• Data segment:
------------------------------------

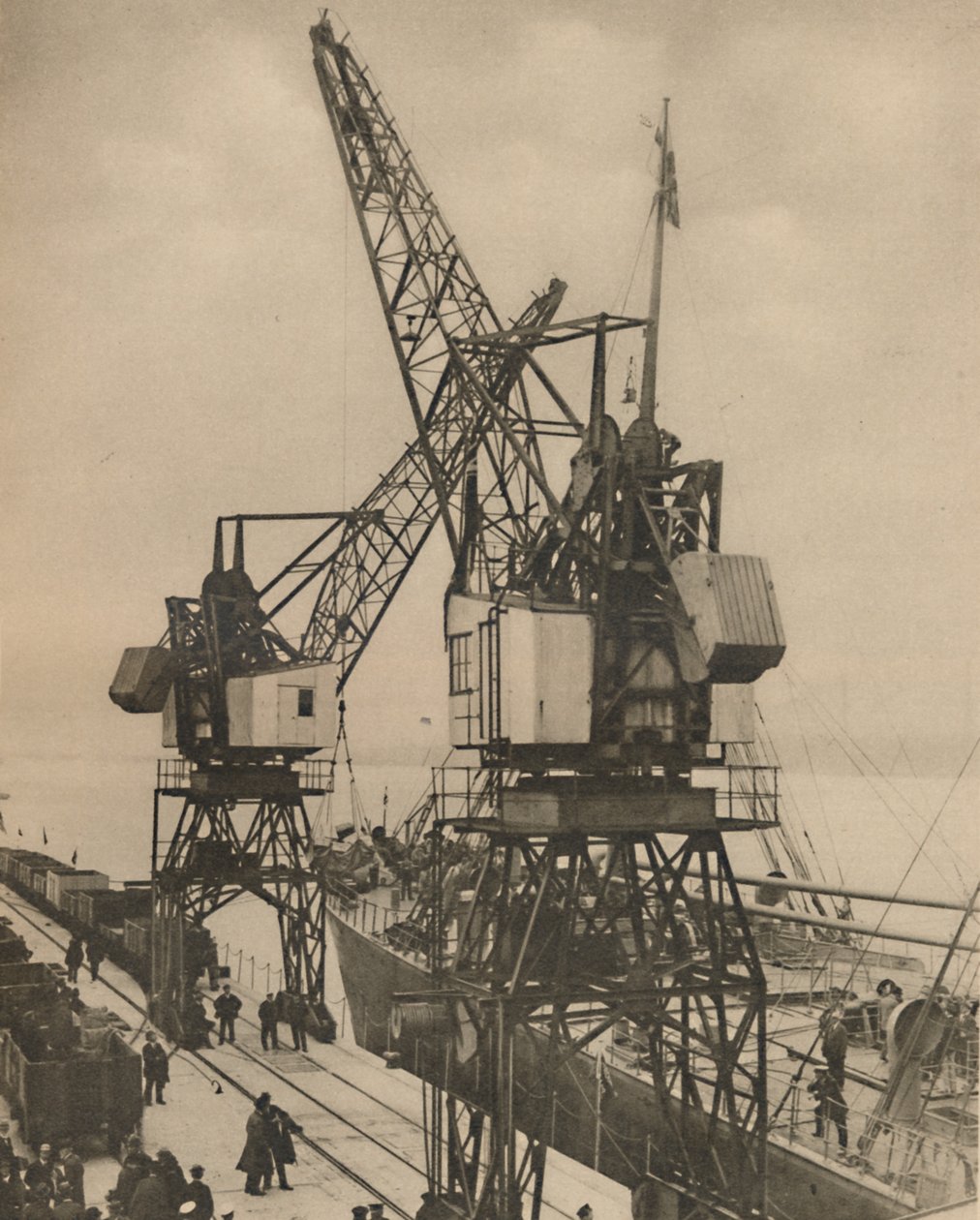 Große mobile Kräne in Tilbury verladen die Ladung aus dem Laderaum eines Schiffes, ca. 1935 von Unbekannt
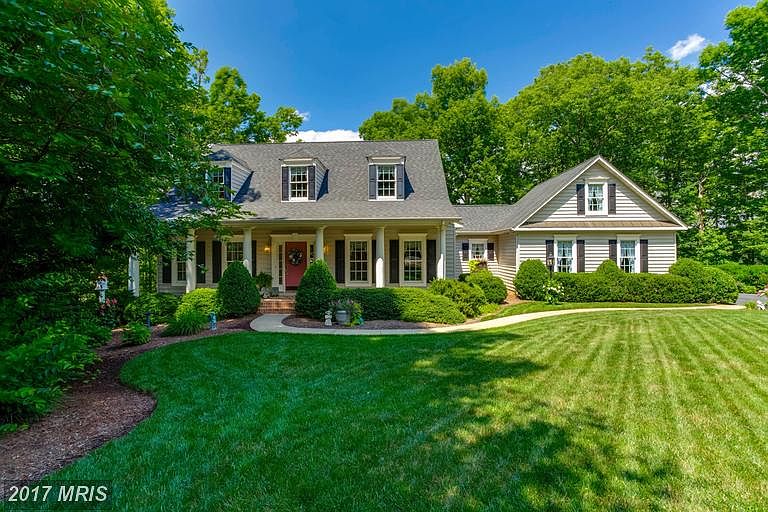 PREPARE TO FALL IN LOVE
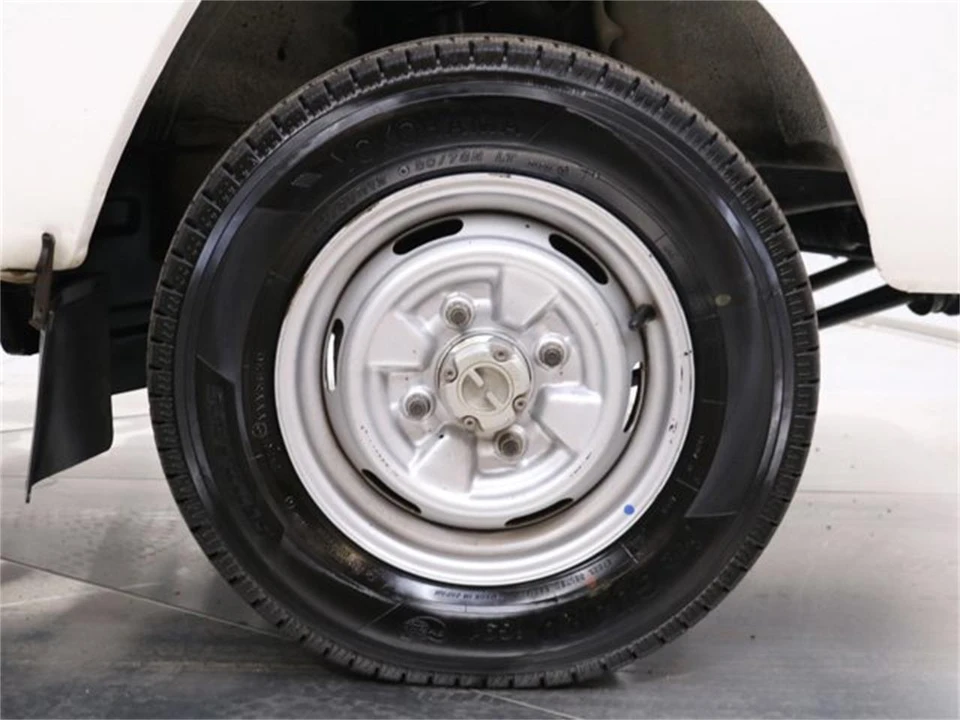 1990 Suzuki Carry & Every 8th Gen - Image 23 of 31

------------------------------------

• Aim of the exercise:
Each line from the line containing "PREPARE TO FALL IN LOVE" through the final line of the data above must be retyped exactly; nothing else, and no pictures, may appear.

• Solution to this task:
 PREPARE TO FALL IN LOVE
 1990 Suzuki Carry & Every 8th Gen - Image 23 of 31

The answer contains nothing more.